There are also several Planning Board proposals on the table, with Article 27 topping the list. The article is a Planning Board request for residents to amend the town’s housing bylaw to add a new section dedicated to community housing, which the board says will promote housing diversity and affordability.

The proposal mirrors the state’s Chapter 40B by relaxing dimension requirements and allowing more units per lot, but requires projects still go through the local approval process.

“What we’re proposing here is that the town give, in its bylaws, many of the same waivers that would be effective in 40B … but the approval would not come from the state, it would come from the town,” Planning Board member Judy Markland said at a March meeting. “The idea here is that nobody gets any more rights than they would have had before or any fewer rights; we’re just transferring the permit-enabling process to the town so there’s some control or protections.”

Community housing projects would be eligible to be built in the Agriculture/Residential 1, Agriculture/Residential 2 and Commercial districts with a special permit.
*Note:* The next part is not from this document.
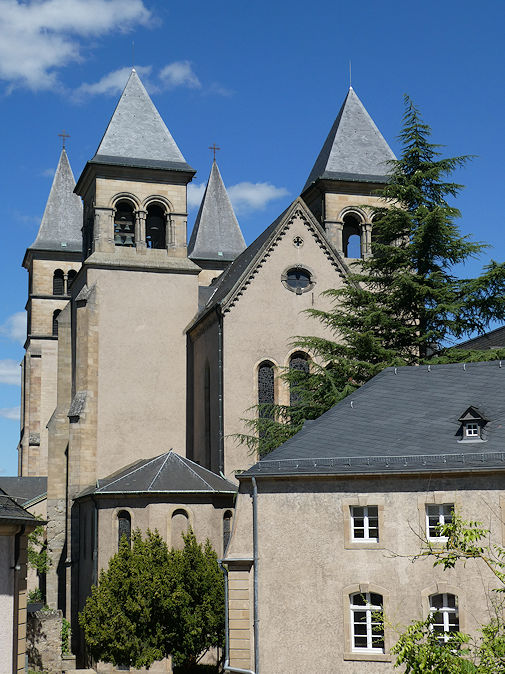 Abbaye avec la basilique Saint-Willibrord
No housing projects are allowed in the Commercial-Industrial or Industrial zoning districts.

Citizen’s petitions

Along with the 29 town-submitted articles, there are also three citizen’s petitions on the warrant for Tuesday.
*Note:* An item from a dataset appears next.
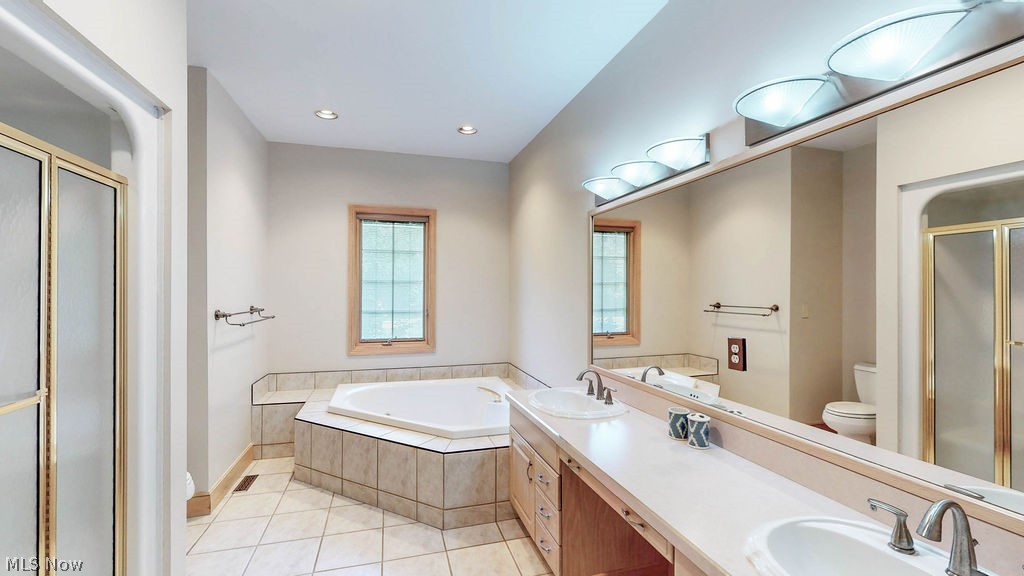 10 Deep Creek Lane Moreland Hills OH 44022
The first, Article 30, asks residents to consider petitioning the United States Postal Service to consolidate the town’s four ZIP codes down to just 01093. The topic was brought before residents in the summer of 2023, as the Selectboard explored changing the town’s ZIP code, but a forum attended by dozens of residents resulted in a nearly even-split community response, which led to the Selectboard to stick with the status quo on the proposal.

Article 31 is a citizen’s petition asking residents to adopt a resolution calling for Congress and President Joe Biden to “take every measure necessary to end the war in Gaza.” If adopted, the article requests the town clerk send a copy of the resolution to Biden, Secretary of State Antony Blinken, Sens. Elizabeth Warren and Ed Markey, and U.S. Rep. Jim McGovern.

The final citizen’s petition, which is part of an initiative spearheaded by Frontier middle schoolers, requests the town petition the Legislature to lower the municipal voting age to 16 years old in an effort to encourage more civic participation in towns.

“I thought it would be a really cool way to learn more about the community, and as I learned more about it, I realized that it is something I do strongly think should pass,” Whately resident and Frontier seventh grader Araceli McCoy said in an April story published in the Greenfield Recorder.

The measure was brought forward in the other three Frontier towns, where it was approved in Conway and Sunderland but shot down by three votes in Deerfield.

Other articles up for consideration include:

■Transferring $6,500 from free cash for resealing exterior brick at the S. White Dickinson Memorial Library.

■Transferring $199,400 of Community Preservation Act revenue into the town’s CPA reserve accounts for future use.

■Appropriating $5,000 and $16,525 in CPA funds to pay for the replacement of rotten sills at the town-owned barn at 215 Chestnut Plain Road and to pay for two batting cages at Herlihy Field, respectively.

■Adopting an updated zoning map that excludes areas designated in the now-abandoned Whately Water District public water supply.

The full Town Meeting warrant, as well as explanations, can be found a bit.ly/3VpP5Bm.